Hope it can recover soon… Or are there any alternatives?

Already tried archive.org, but sadly the files are unavailable there too

I am having exactly the same problem. I am new to NLP so I am not sure what to do. Perhaps somebody knows another source of English/German (or another language) word pairs that we can use instead. I will check back later.

The maintainer of this GitHub file: PyTorch-NLP/multi30k.py at master · PetrochukM/PyTorch-NLP · GitHub

claims the following:

Status:
    Host ``www.quest.dcs.shef.ac.uk`` forgot to update their SSL
    certificate; therefore, this dataset does not download securely.
References:
    * http://www.statmt.org/wmt16/multimodal-task.html
    * http://shannon.cs.illinois.edu/DenotationGraph/

He seems to have constructed a workaround program but I have not managed to get it to work.

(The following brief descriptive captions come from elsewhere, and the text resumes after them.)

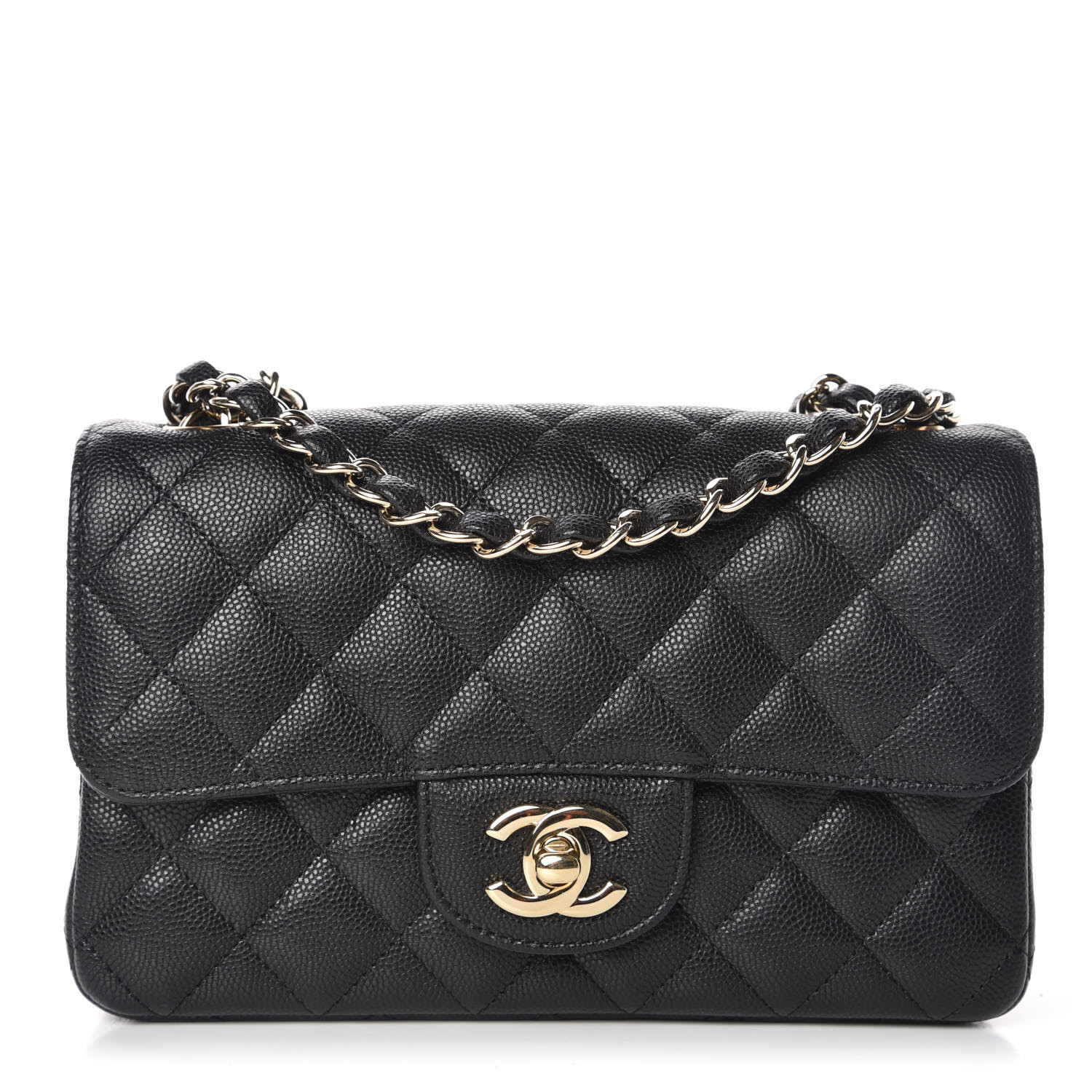 caviar quilted mini top handle rectangular flap black
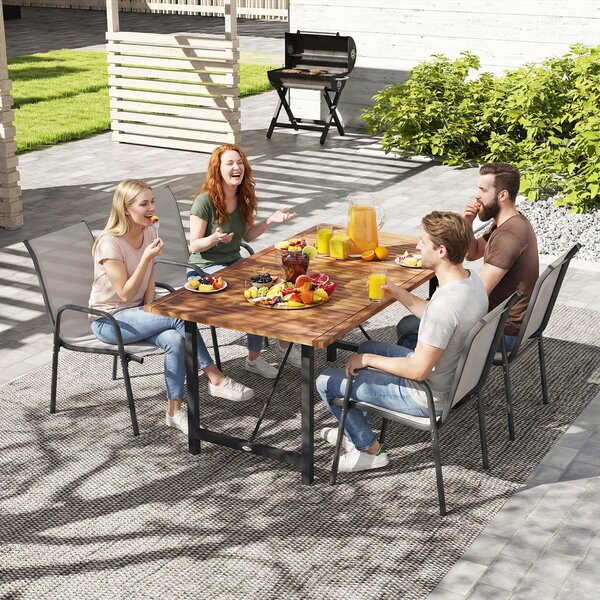 Outsunny Sedie da giardino Set da 4 Sedie impilabili per terrazza con schienale traspirante, braccioli, portata 120 kg | Aosom Italy
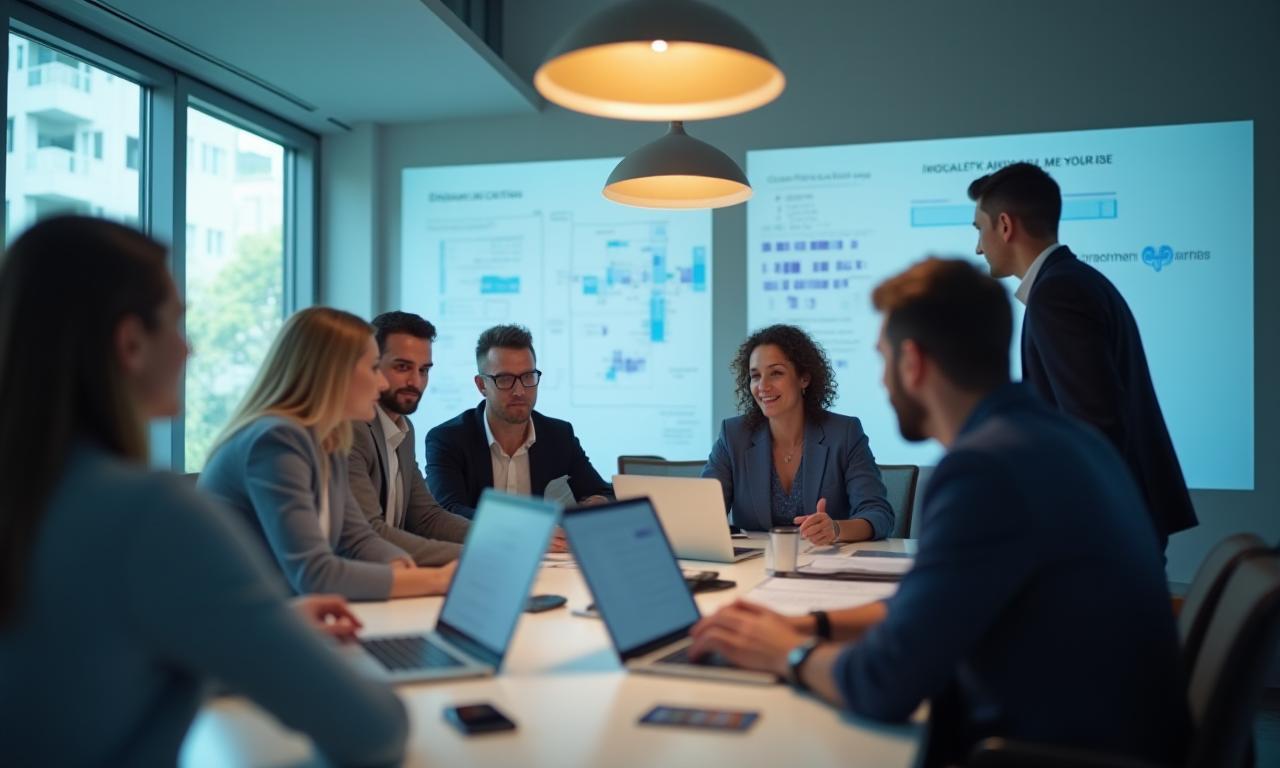 Team von MobilFunk Lösungen AG arbeitet in einem modernen Büro zusammen.
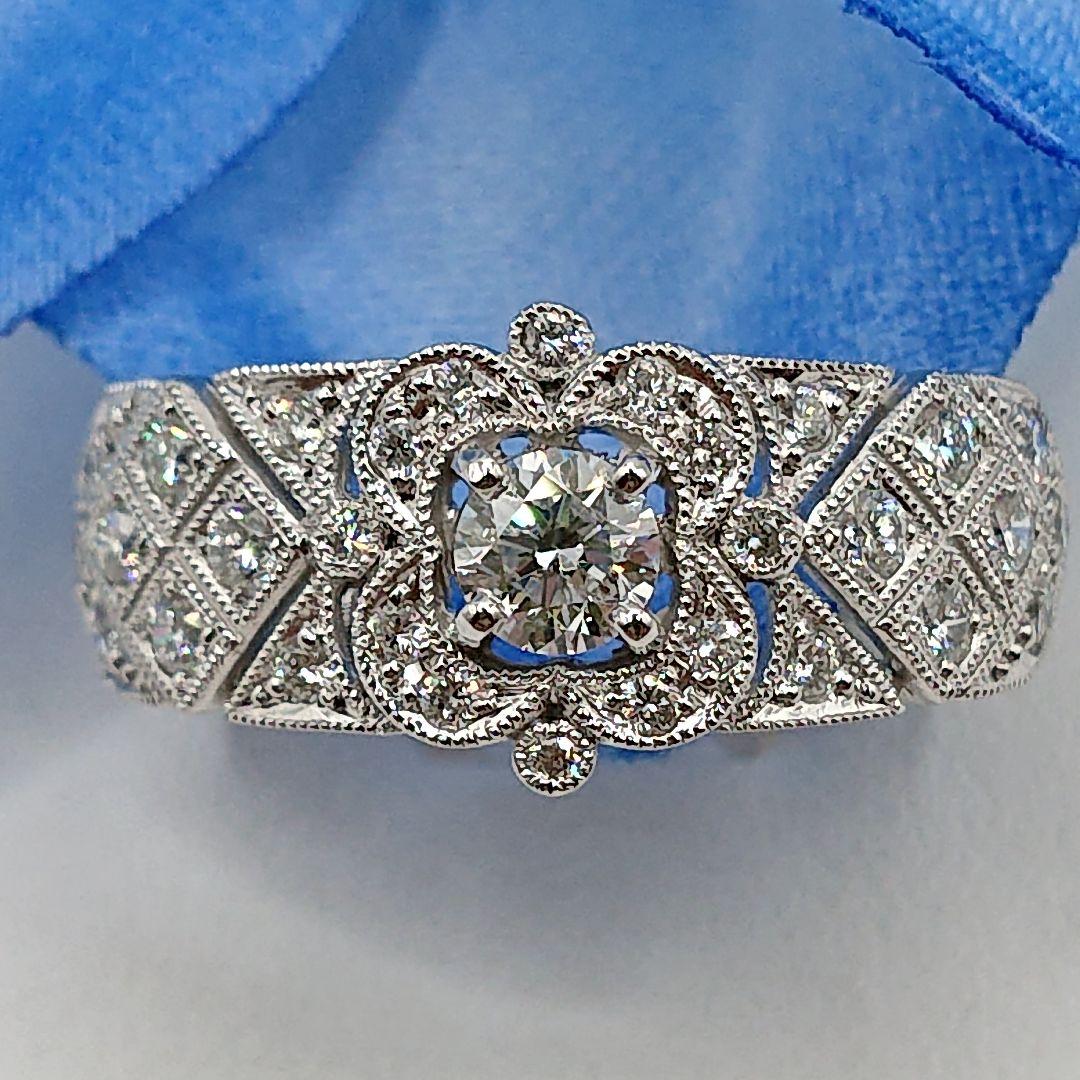 アンティーク風フラワーデザイン 天然ダイヤモンドリング Pt950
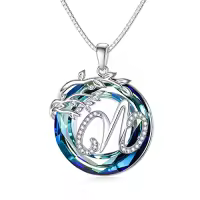 TOUPOP Sterling Silver Blue Crystal Tree Of Life Initial Letter Pendant Necklace-style_name:Alphabet W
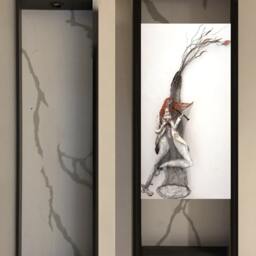 Violin Violinist Wire Mesh Sculpture Metal Man Autumn Fall Decor Tree Leaf Vivaldi Four Seasons Classical Music Large Living Room Decor Lamp - thumbnail 2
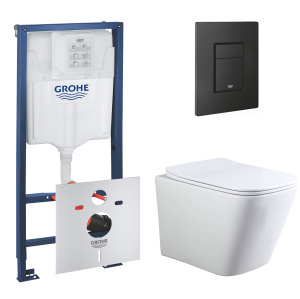 Комплект инсталляции GROHE Solido 3 в 1 с унитазом Aquatek ЛИБРА AQ1148T-00 и звукоизоляционным комплектом (NW0766)
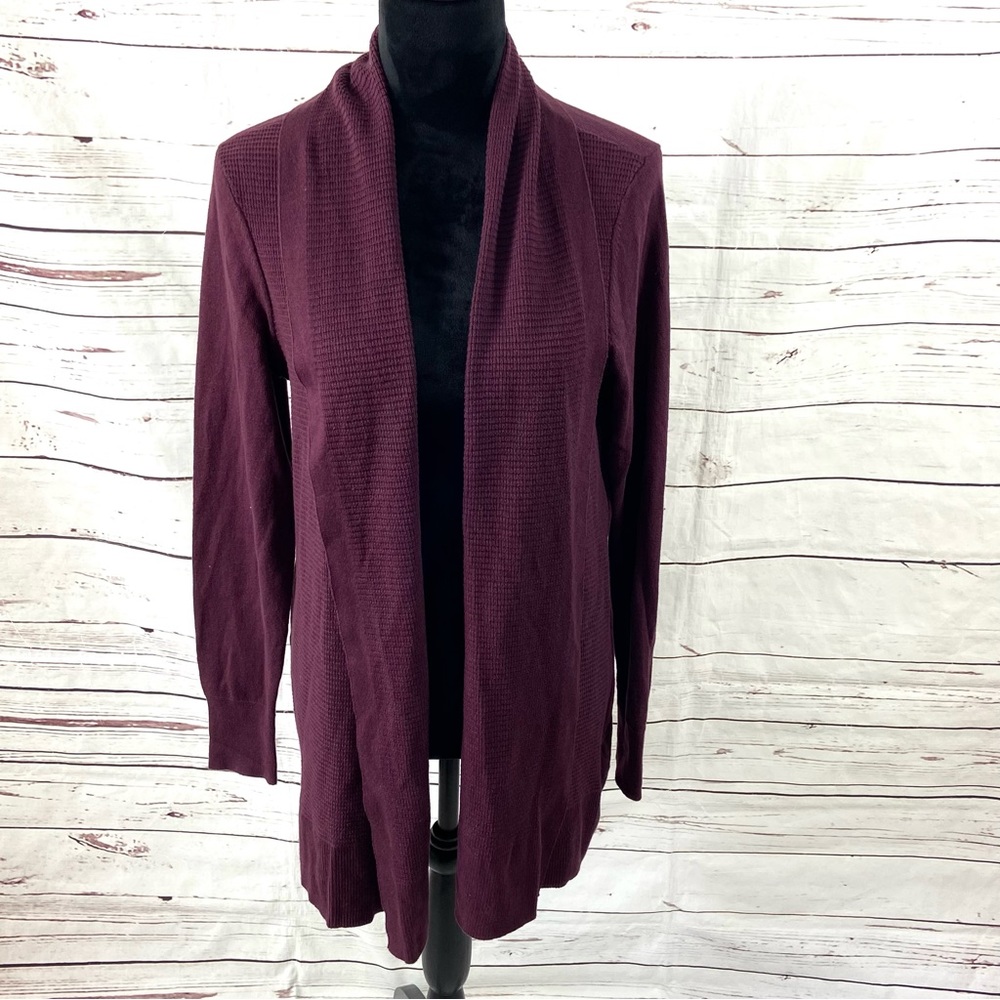 Gap Sweater‎ Women’s Medium Burgundy Open Cardigan Long Sleeves 100% Cotton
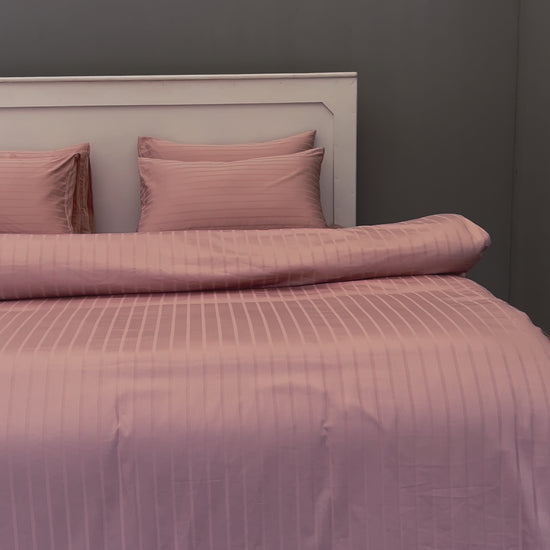Pink Satin Duvet Cover Set with Crisp Piping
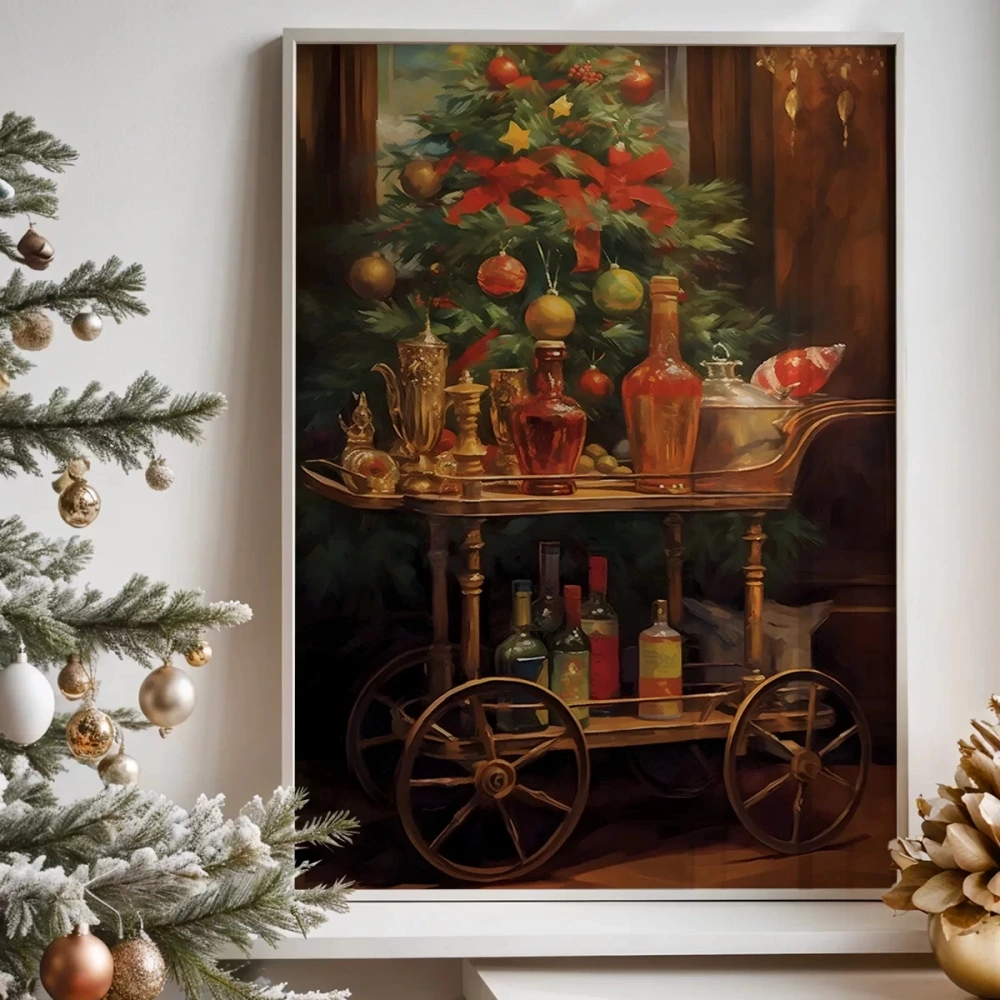 Çerçevesiz Poster Altın Detaylı Yılbaşı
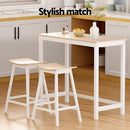 Artiss Bar Table and Stools Set Dining Desk Solid Wood Kitchen Chairs Cafe Pub - RnR Galore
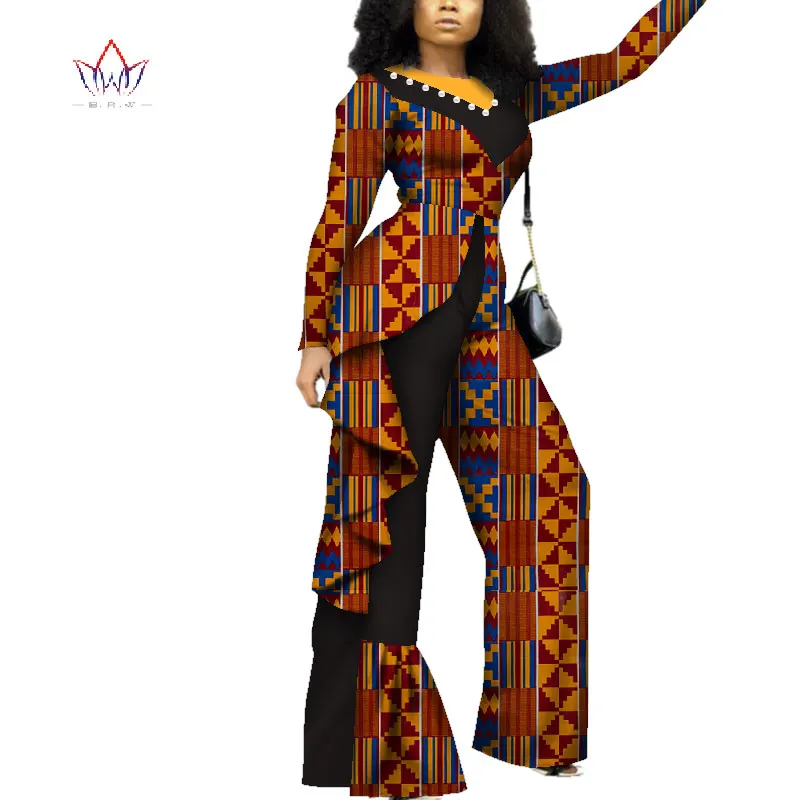 Модный Африканский женский комбинезон с принтом, Базен Риш, традиционная африканская одежда, женский комбинезон с жемчугом и драпировкой, WY4343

the page is not delivering any content though

Same problem… Tried to email the site owner but no feedbacks…

I have those files but don’t know where to put them to make them available for everyone.

is it possible to put them in the dropbox or google drive and share them using a public link?

First author of the Multi30K dataset here :wave:.

I didn’t know these were being used in a PyTorch tutorial so we are working on hosting these files elsewhere. Alternatively, if someone understands how the files are being used by torchtext.datasets.Multi30K, would one solution be to re-route the data loading to the Multi30K Github repository?

1 Like

Im a beginner but I found the source code of torchtext.datasets.multi30k here. One may change the URLs and MD5s to make it work ~

that is preciously what I was thinking but I do not own that repo so couldn’t do it.

Please note that I have been working on the following code:

http://nlp.seas.harvard.edu/annotated-transformer/

This code uses the same Multi30K database. I was able to get the code to work by using another data file. The basic idea is that the training, validation, and test sets are all lists of tuples. The tuples consist of sentence pairs in each language. This insight is nice since it makes it easy to create any language pairing you would like. Here is my implementation in Colab along with lots of notes:

Hope this helps. Any comments are welcome.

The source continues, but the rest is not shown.